Hawkish turn by RBI deepens worst India bond rout in 2 decades
February 22 2018 09:37 PM
Reserve Bank of India signage is displayed at the entrance to its headquarters in Mumbai. Expectations for rate hikes are building after minutes of the RBI’s February 6-7 meeting released on Wednesday showed there was concern that inflation already running at faster than 5% will accelerate.


India’s bond rout is deepening as Prime Minister Narendra Modi’s expansionary budget prompts a hawkish turn from the central bank.
Expectations for rate hikes are building after minutes of the Reserve Bank of India’s February 6-7 meeting released Wednesday showed there was concern that inflation already running at faster than 5% will accelerate. Onshore markets are pricing in an increase of about 45 basis points in the benchmark repurchase rate over the next 12 months, said Vivek Rajpal, a rates strategist at Nomura Holdings Inc in Singapore.
India’s public finances are worsening after deficit targets were widened in the budget this month and amid concern over the inflationary impact of rising oil prices and wage hikes for millions of government employees. State-run banks, the biggest holders of sovereign notes, have turned net sellers this year after being hurt by losses. With no local interest and foreigners hemmed in by limits, there doesn’t seem to be any buyers for the debt.
“Indian bonds are seeing capitulation and the pain gets aggravated by every incremental piece of negative news,” said Sandeep Bagla, associate director at Trust Capital Services India Pvt in Mumbai. “Policymakers need to step in to curb the rout and revive investors’ confidence either by allowing more foreign investors or giving assurance on liquidity.” The yield on the nation’s 10-year notes rose seven basis points to 7.78% as of 12:33pm in Mumbai and touched a two-year high, taking this month’s increase to 35 basis points. The debt is headed for a seventh monthly drop, which would be the longest run of declines in data going back two decades.
Inflation accelerated from as low as 1.46% in June to 5.21% in December before easing slightly. The central bank’s goal is to keep headline inflation close to 4% over the medium term.
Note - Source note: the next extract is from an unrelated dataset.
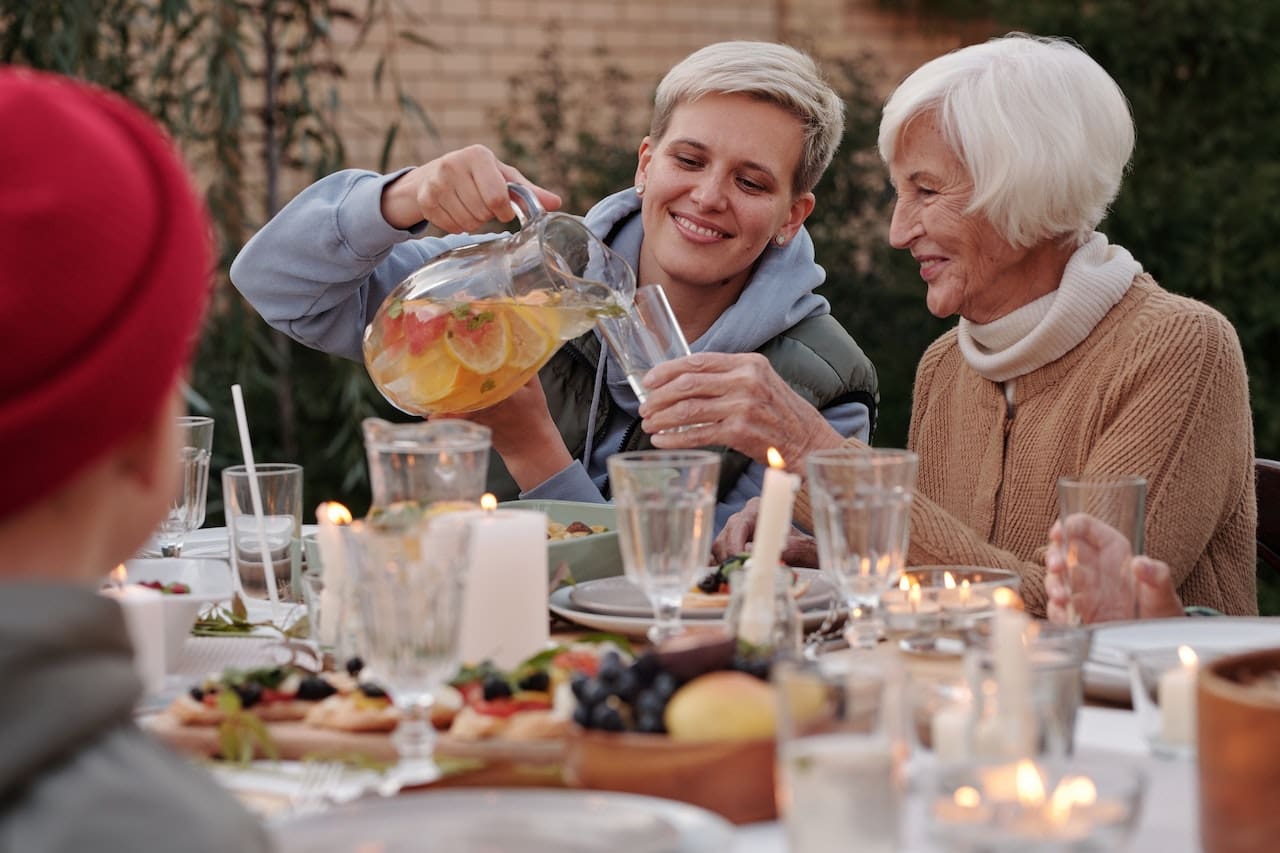 A spacious patio area with a family gathered around a table, sharing a meal. A large glass jug of iced water, garnished with cucumber slices and rosemary sprigs, sits in the center of the table. In the background, a garden fountain trickles water soothingly.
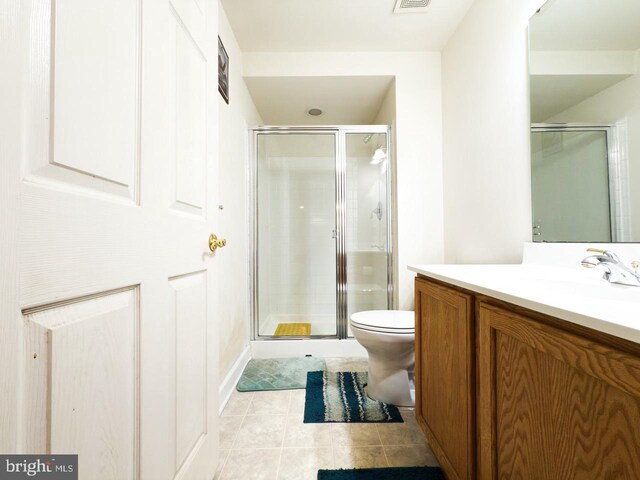 full bathroom with a shower stall, toilet, tile patterned flooring, and vanity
“Fixed income markets are telling us that we have fallen behind the curve,” Michael Patra, a central banker on the MPC, said at the meeting, according to the minutes. The inflation “target is in danger of getting out of reach” and this could seriously dent the credibility of the committee’s commitment to the target, he said.
As the bond rout deepens, the one group who actually wants to buy the debt looks set to remain shut out of most of the market. The RBI is expected to review the cap on foreign investment in rupee notes, currently set at around 5%, in March or April in the first reassessment since 2015.
For all of the reasons to roll out the welcome mat, regulators may still see the risk of hot-money flows destabilising the rupee as a more potent argument not to. Ashmore Group and UBS Asset Management said they weren’t optimistic the cap would be raised significantly.
“It doesn’t appear they would be too keen to open up the limits very much,” said Ashley Perrott, head of pan Asia fixed income at UBS Asset in Singapore. “It’s that balance between allowing better access, but at the same time wanting to stay in control of the fund-flow picture.”
An RBI spokesman didn’t respond to an e-mailed request for comment on the review.
At the last review in September 2015, the RBI raised the cap from $30bn to 5% of outstanding debt, with the increase gradually phased in through March 2018. Foreign buyers are required to bid for quotas, with the cap preventing the inclusion of the local notes in global indexes.
India also saw its trade deficit widened to the most in four and a half years in January, prompting concern the current-account shortfall will expand. The rupee has fallen 1.8% against the dollar so far this year in the worst performance in Asia after the Philippine peso.
“The limits on foreign participation in the Indian bond market are obsolete,” said Jan Dehn, head of research at Ashmore in London, who said the asset manager would be keen on buying more of the debt if the cap was raised. “The whole of the Indian economy pays for this policy because an open bond market would lower interest rates across the entire yield curve.”
Despite this, Dehn said he wasn’t anticipating authorities would open up the market significantly. “The government is showing increasing tendencies towards protectionism.”